Data records.
....

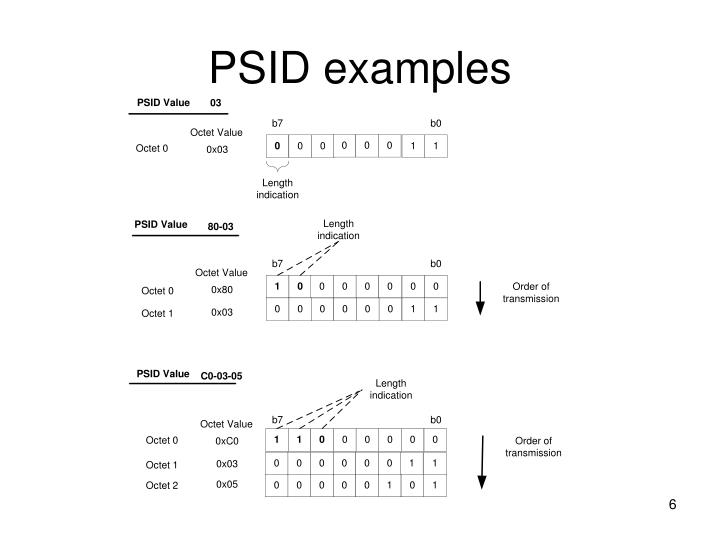 PPT IEEE P1609.12™ Provider Service Identifier (PSID) Allocations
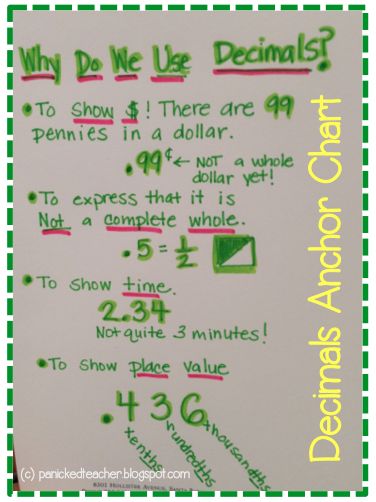 Decimal Anchor Chart: Awesome for helping students begin to think about decimals and what they are! Make a chart like this for introducing decimals to your students.  Great idea to see what they come up with!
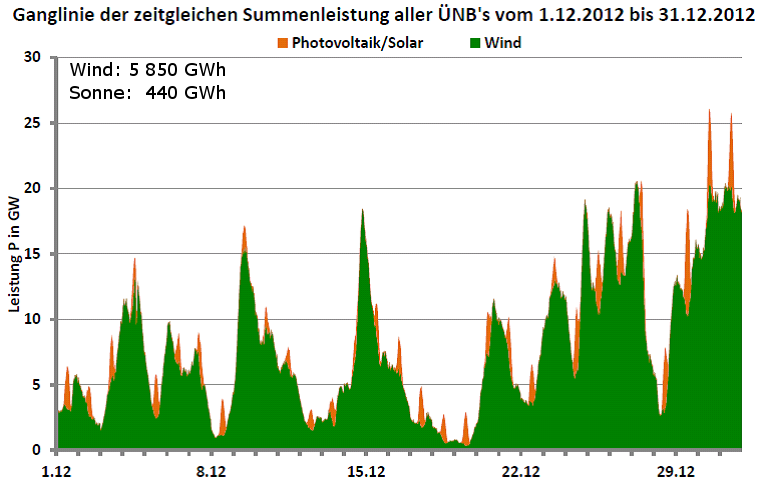 Ganglinie der Leistung aller Wind- und Photovoltaikanlagen in Deutschland für Dezember 2012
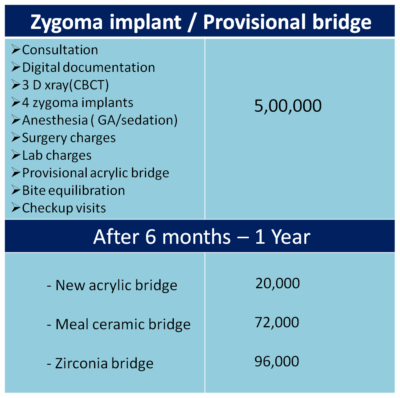 cost of zygoma dental implants in India, Chennai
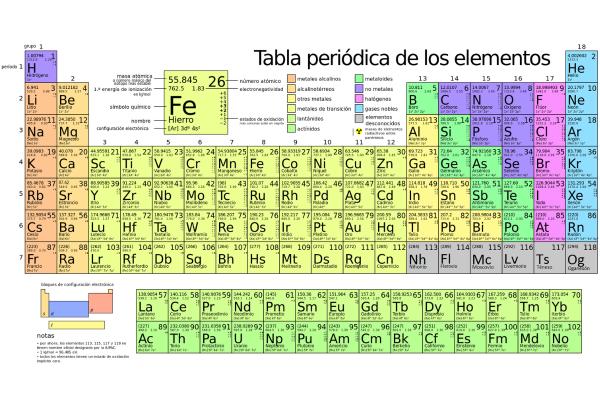 Elemento químico: qué es, clasificación y tabla periódica - ¿Cómo se organizan los elementos químicos en la tabla periódica?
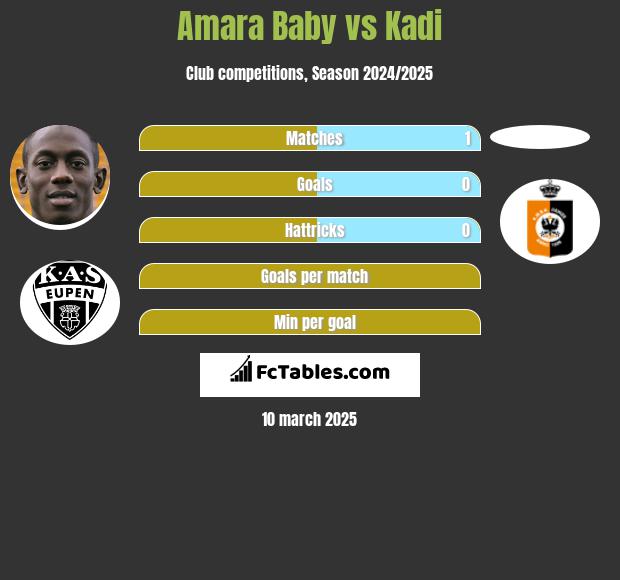 Amara Baby vs Kadi h2h player stats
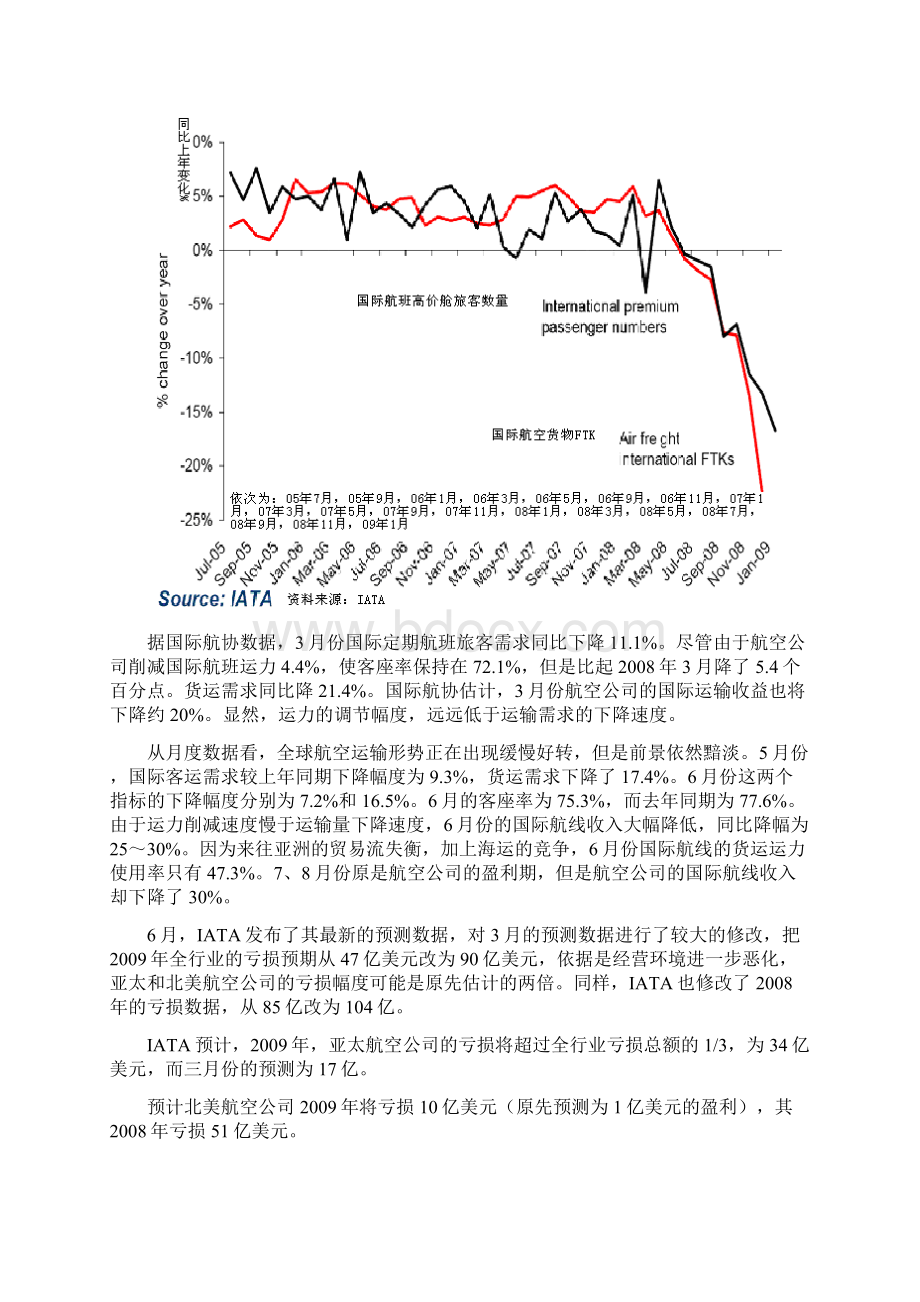 世界航空业面临严峻挑战.docx_第2页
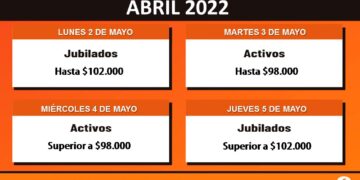 CRONOGRAMA DE PAGO – ABRIL 2022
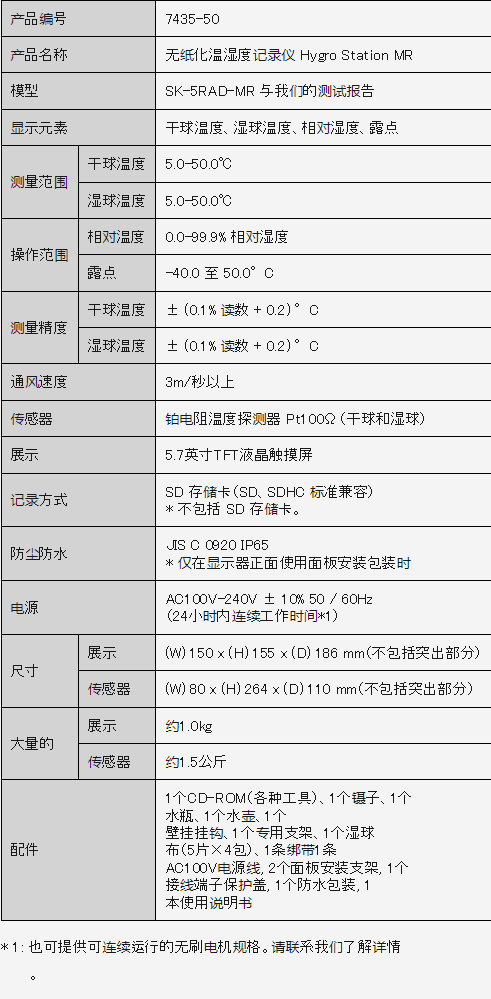 日本sato无纸化温湿度记录仪sk-5rad-mr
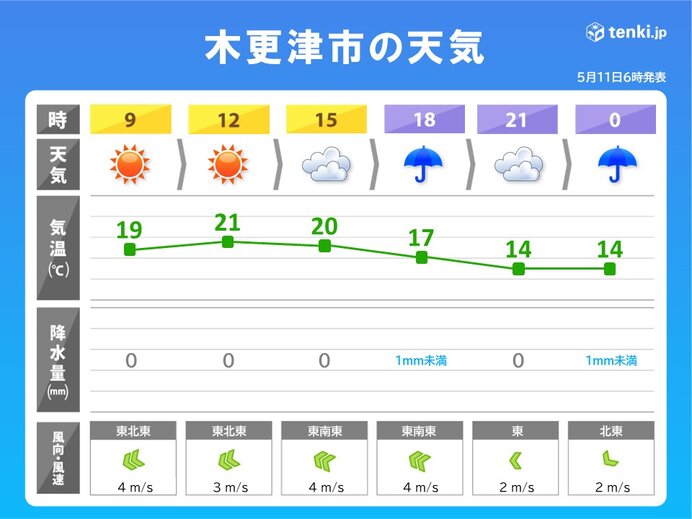 震度5強の地震が発生した千葉県木更津市　今日・明日はにわか雨　土曜から断続的に雨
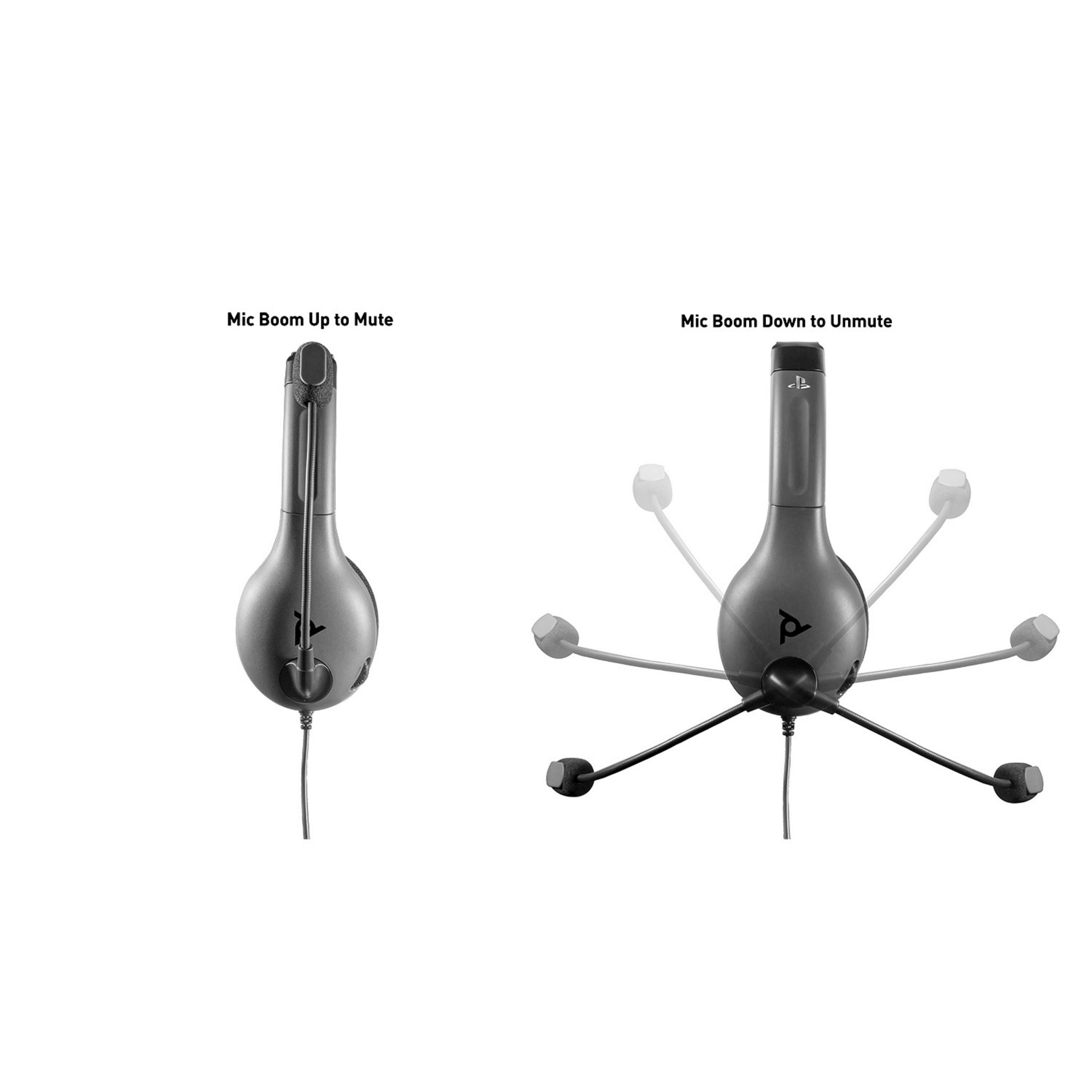Dwa zestawy słuchawkowe: jeden w górę, jeden w dół. W górę, aby wyciszyć, w dół, aby włączyć.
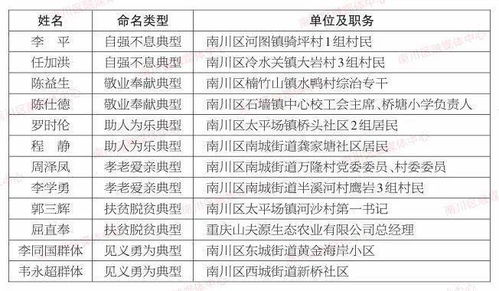 公示︱这些人拟命名为道德典型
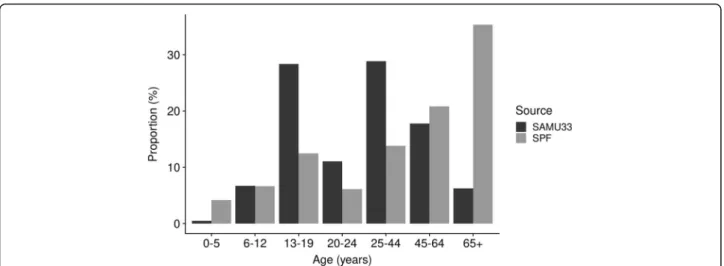 Fig. 4 Comparison of age of drowning victims who needed a hospitalization or died, from the database of Gironde Emergency Call Center, years 2011 – 2016 (SAMU33, n = 188) and along all coasts of France (SPF, data from Santé Publique France, French national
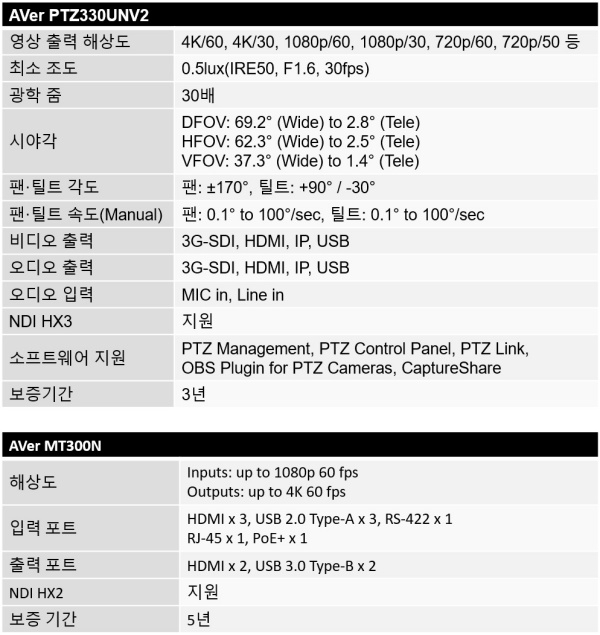 제품 주요 사양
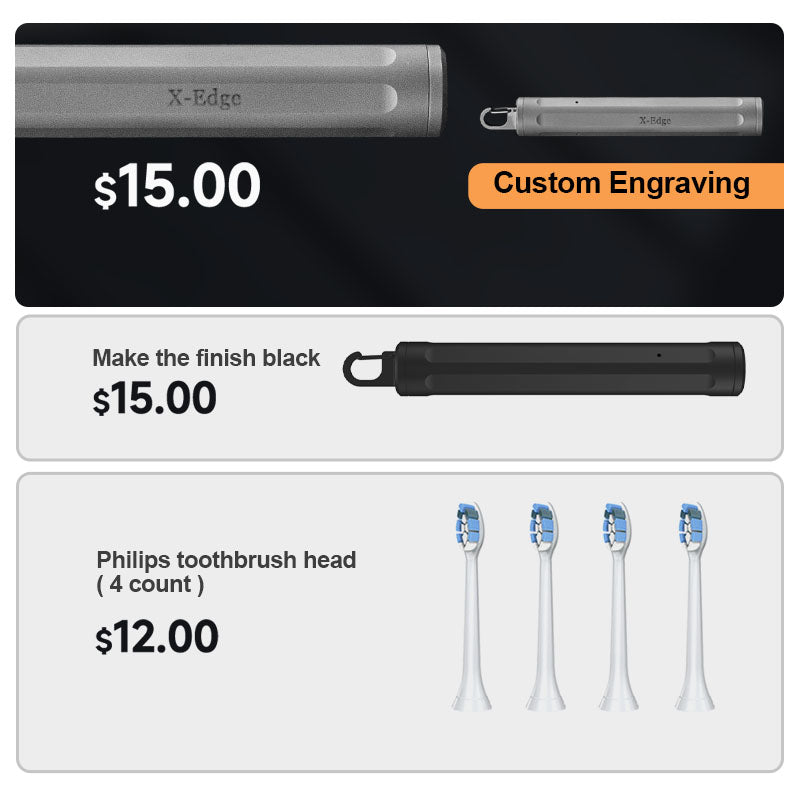 EvoGrip Titanium Toothbrush|The Ultimate 3-in-1 EDC Travel Tool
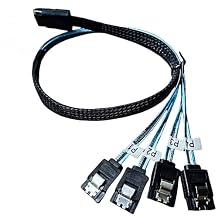 SFF-8087 to 4SATA Forward Breakout Cable 1.6ft/0.5m Mini SAS 36-Pin to 47-Pin SATA III 6Gbps, P1P4 Labeled, Locking Latches, Braided for LSI/Broadcom HBA 9211-8i 9207-8i, NAS Server HDD SSD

....

Instructions to follow. Pictures aside, transcribe exactly the lines from the line containing "公示︱这些人拟命名为道德典型" through the final line of the material above.

Exercise response.
 公示︱这些人拟命名为道德典型
 Fig. 4 Comparison of age of drowning victims who needed a hospitalization or died, from the database of Gironde Emergency Call Center, years 2011 – 2016 (SAMU33, n = 188) and along all coasts of France (SPF, data from Santé Publique France, French national
 제품 주요 사양
 EvoGrip Titanium Toothbrush|The Ultimate 3-in-1 EDC Travel Tool
 SFF-8087 to 4SATA Forward Breakout Cable 1.6ft/0.5m Mini SAS 36-Pin to 47-Pin SATA III 6Gbps, P1P4 Labeled, Locking Latches, Braided for LSI/Broadcom HBA 9211-8i 9207-8i, NAS Server HDD SSD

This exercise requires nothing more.